WHAT IS REQUIRED: Print the records below from the first line through the line containing "Подарочная коробка для", both included, word for word.

Start of THE DATA

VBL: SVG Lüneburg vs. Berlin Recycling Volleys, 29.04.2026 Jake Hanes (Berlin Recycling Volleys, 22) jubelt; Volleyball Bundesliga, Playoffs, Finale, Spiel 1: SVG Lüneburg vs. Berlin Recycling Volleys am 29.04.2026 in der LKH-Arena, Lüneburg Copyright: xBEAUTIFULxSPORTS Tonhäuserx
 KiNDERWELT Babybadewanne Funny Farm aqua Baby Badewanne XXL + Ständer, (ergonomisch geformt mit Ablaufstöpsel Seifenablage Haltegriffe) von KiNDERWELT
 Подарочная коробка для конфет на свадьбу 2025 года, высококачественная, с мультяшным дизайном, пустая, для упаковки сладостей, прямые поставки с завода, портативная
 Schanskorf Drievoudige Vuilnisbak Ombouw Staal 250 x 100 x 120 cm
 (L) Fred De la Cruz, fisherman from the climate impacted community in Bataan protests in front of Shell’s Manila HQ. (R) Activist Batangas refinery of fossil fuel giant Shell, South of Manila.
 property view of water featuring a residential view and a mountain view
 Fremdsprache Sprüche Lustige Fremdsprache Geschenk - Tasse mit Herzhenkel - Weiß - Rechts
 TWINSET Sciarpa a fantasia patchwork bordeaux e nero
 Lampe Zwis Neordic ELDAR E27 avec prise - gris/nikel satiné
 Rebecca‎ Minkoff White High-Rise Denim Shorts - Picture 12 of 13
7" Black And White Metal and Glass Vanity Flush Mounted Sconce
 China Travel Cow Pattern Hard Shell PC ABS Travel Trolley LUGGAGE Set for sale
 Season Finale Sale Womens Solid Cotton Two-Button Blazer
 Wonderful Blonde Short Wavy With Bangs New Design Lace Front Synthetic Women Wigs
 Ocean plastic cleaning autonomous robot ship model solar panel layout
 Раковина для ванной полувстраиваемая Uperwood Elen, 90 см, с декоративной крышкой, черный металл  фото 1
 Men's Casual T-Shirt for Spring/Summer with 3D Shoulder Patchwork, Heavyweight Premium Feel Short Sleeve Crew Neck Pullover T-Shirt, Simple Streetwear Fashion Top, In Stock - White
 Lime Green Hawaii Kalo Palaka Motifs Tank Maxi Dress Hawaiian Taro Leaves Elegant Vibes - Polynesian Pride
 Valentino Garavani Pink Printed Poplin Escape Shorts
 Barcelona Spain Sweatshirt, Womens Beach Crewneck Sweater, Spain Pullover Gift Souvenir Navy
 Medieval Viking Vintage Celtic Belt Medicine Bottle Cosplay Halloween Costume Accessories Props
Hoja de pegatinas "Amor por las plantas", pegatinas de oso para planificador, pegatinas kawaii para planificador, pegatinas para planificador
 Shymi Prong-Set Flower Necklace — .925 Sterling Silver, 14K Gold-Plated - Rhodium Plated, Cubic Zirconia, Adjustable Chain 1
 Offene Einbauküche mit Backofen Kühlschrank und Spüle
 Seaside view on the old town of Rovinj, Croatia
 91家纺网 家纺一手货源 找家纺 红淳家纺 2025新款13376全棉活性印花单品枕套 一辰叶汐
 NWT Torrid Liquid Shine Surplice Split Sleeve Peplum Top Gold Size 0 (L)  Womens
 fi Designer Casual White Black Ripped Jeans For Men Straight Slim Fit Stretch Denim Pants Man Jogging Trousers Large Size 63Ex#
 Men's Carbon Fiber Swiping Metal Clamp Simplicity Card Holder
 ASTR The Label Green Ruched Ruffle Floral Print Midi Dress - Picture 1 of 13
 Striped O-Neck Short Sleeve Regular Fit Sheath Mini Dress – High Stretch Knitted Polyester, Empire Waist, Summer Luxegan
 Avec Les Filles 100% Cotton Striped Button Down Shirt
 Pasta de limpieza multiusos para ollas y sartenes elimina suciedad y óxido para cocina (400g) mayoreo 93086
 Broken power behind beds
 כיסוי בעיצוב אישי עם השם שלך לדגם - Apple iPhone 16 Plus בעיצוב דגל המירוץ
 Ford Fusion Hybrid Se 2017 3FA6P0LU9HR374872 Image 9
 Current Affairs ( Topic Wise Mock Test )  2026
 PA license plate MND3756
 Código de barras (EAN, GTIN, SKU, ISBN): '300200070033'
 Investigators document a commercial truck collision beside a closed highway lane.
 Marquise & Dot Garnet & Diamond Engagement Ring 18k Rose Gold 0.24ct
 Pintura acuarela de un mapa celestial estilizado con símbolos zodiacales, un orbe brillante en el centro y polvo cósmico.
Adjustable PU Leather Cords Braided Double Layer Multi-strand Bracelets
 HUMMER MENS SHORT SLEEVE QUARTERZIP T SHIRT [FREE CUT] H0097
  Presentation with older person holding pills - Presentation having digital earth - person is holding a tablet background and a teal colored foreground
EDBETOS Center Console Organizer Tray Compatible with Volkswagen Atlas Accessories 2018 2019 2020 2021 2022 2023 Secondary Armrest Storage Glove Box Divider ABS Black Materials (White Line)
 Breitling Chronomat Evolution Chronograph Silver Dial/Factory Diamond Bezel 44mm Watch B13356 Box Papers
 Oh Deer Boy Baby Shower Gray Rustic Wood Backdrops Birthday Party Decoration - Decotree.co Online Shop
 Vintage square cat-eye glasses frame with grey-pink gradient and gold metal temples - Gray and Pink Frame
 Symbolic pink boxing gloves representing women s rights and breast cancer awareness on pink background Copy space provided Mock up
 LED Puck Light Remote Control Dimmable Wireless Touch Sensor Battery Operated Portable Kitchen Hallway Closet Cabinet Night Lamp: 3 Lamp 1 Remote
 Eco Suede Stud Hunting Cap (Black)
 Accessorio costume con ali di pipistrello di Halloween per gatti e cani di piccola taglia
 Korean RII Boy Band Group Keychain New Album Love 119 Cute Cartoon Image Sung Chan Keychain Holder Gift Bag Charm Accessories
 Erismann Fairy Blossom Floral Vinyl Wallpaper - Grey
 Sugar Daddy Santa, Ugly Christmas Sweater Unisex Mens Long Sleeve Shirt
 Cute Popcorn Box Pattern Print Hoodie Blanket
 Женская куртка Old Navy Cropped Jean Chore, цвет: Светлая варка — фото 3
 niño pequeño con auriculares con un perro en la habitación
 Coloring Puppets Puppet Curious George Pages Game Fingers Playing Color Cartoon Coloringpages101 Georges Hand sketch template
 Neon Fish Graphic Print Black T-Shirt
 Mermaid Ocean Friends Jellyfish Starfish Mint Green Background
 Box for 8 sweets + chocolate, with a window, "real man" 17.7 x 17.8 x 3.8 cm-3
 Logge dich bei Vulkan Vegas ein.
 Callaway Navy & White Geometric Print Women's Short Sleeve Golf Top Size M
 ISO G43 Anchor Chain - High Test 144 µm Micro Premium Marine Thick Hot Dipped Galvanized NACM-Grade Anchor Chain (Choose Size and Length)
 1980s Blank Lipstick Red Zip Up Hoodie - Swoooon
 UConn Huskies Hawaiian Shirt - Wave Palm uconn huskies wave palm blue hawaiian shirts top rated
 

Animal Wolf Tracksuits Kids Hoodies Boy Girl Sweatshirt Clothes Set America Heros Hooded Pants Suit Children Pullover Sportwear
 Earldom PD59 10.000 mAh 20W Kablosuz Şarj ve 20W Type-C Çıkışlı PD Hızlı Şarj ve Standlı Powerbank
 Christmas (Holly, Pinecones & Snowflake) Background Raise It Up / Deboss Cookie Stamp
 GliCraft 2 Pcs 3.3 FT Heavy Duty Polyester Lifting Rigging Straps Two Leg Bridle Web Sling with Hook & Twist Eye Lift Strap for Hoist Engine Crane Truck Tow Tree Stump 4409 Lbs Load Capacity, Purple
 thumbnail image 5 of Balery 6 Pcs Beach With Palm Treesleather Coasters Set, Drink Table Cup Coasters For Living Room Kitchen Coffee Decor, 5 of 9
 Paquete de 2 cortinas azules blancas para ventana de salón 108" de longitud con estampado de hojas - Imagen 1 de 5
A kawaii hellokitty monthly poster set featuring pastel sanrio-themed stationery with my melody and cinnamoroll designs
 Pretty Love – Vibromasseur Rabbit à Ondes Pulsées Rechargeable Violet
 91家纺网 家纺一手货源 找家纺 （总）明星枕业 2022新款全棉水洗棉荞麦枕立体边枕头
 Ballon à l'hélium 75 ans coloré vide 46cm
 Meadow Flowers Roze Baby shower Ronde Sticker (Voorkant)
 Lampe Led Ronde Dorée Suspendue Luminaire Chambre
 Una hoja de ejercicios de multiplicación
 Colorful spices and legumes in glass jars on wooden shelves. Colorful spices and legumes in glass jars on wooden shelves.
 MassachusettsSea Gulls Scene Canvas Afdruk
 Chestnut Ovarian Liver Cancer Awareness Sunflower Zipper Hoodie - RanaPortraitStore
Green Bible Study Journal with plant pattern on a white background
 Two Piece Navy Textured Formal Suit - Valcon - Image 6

End of THE DATA

COMPLETED EXERCISE:
VBL: SVG Lüneburg vs. Berlin Recycling Volleys, 29.04.2026 Jake Hanes (Berlin Recycling Volleys, 22) jubelt; Volleyball Bundesliga, Playoffs, Finale, Spiel 1: SVG Lüneburg vs. Berlin Recycling Volleys am 29.04.2026 in der LKH-Arena, Lüneburg Copyright: xBEAUTIFULxSPORTS Tonhäuserx
 KiNDERWELT Babybadewanne Funny Farm aqua Baby Badewanne XXL + Ständer, (ergonomisch geformt mit Ablaufstöpsel Seifenablage Haltegriffe) von KiNDERWELT
 Подарочная коробка для конфет на свадьбу 2025 года, высококачественная, с мультяшным дизайном, пустая, для упаковки сладостей, прямые поставки с завода, портативная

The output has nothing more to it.